▶ Task to carry out
Using the data that follows, output only the lines from the line with "Chevrolet Cavalier — миниатюра 8" up to and including the line with "Vintage 90's black leather boots", exactly, leaving pictures aside.

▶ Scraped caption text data
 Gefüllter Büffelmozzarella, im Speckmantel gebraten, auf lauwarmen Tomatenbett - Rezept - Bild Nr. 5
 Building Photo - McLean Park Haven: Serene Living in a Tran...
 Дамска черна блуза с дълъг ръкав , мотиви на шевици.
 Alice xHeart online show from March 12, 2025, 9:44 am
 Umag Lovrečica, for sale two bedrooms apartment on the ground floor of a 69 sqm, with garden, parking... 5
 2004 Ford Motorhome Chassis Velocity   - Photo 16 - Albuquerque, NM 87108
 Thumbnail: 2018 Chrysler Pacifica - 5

---

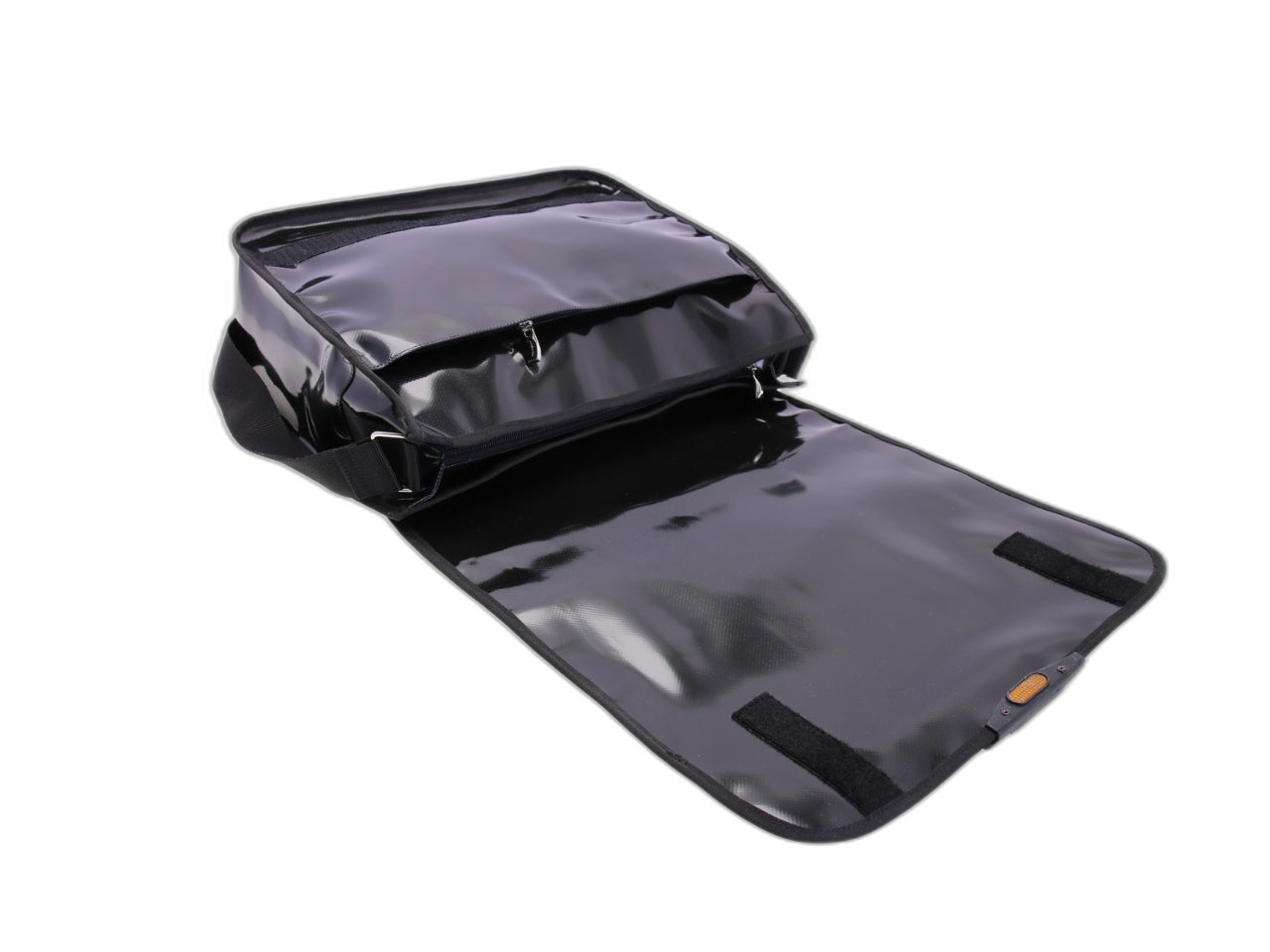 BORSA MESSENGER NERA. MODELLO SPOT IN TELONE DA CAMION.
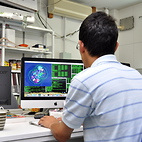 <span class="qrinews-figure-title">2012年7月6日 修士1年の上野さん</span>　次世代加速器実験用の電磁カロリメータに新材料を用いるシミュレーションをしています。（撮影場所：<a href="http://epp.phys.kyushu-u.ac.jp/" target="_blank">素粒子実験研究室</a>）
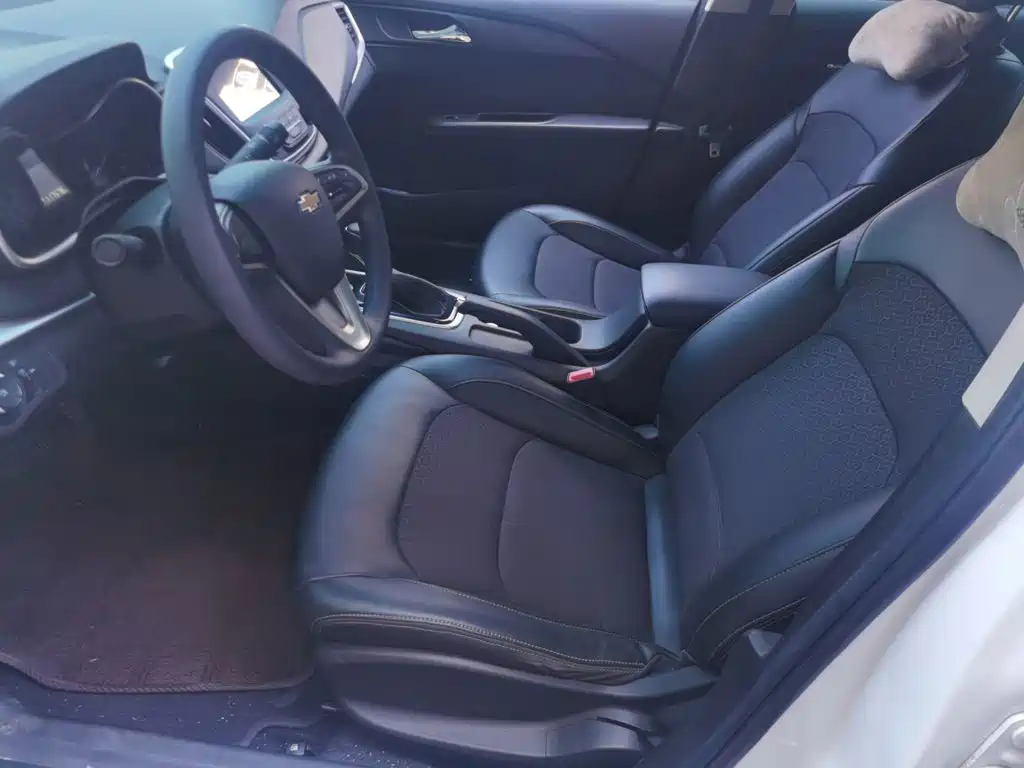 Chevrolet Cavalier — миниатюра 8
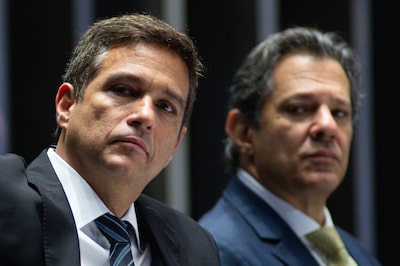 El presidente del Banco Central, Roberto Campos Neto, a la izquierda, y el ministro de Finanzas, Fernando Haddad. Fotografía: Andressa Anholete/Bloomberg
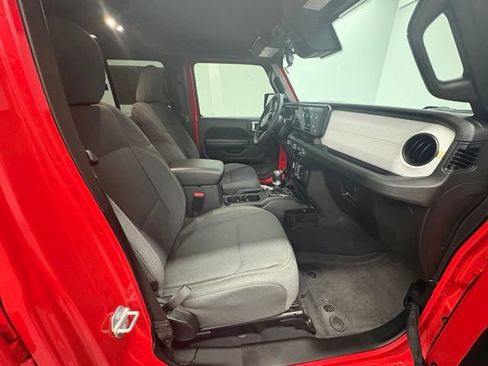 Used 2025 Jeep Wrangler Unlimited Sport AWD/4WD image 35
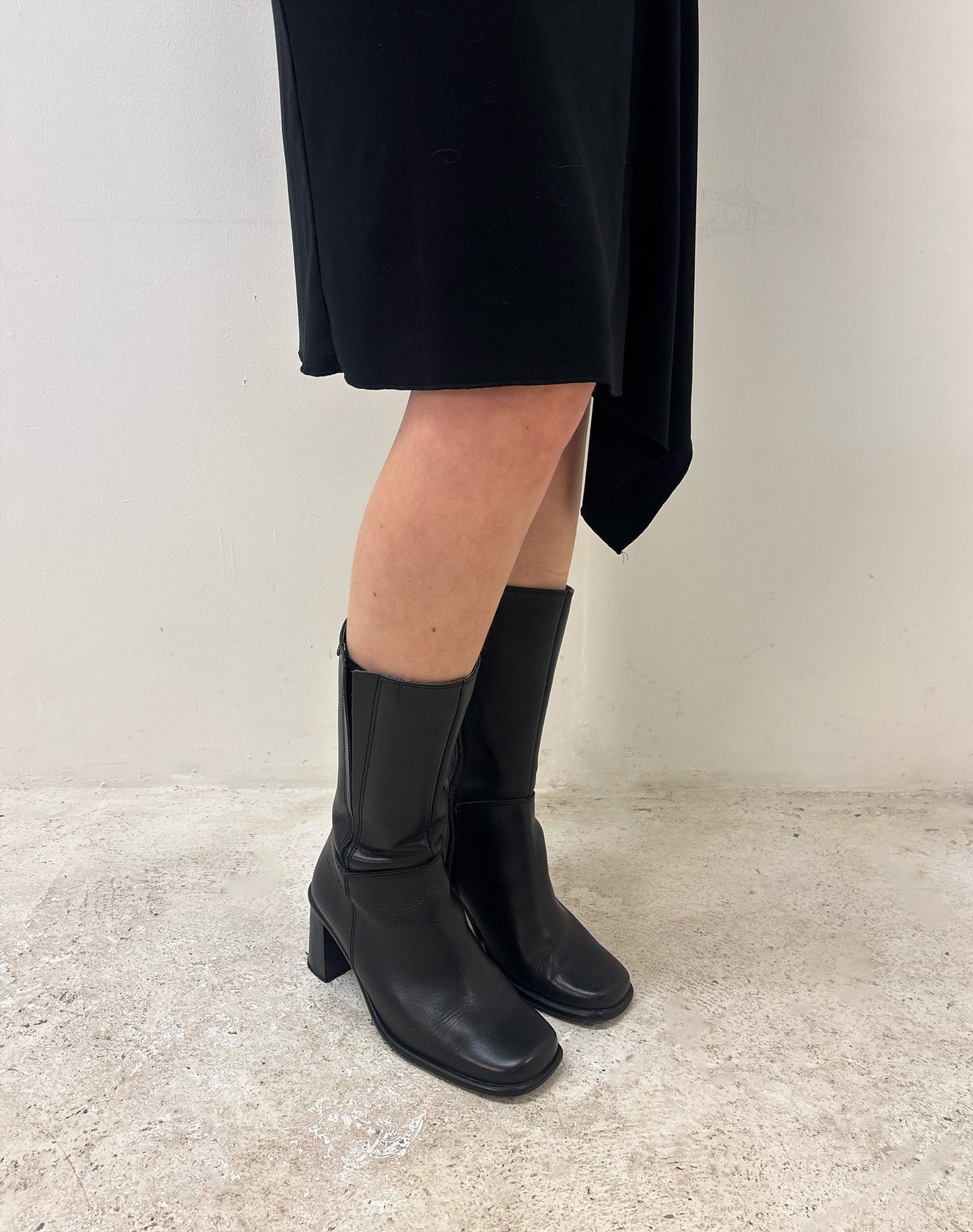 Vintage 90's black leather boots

▶ Response area
 Chevrolet Cavalier — миниатюра 8
 El presidente del Banco Central, Roberto Campos Neto, a la izquierda, y el ministro de Finanzas, Fernando Haddad. Fotografía: Andressa Anholete/Bloomberg
 Used 2025 Jeep Wrangler Unlimited Sport AWD/4WD image 35
 Vintage 90's black leather boots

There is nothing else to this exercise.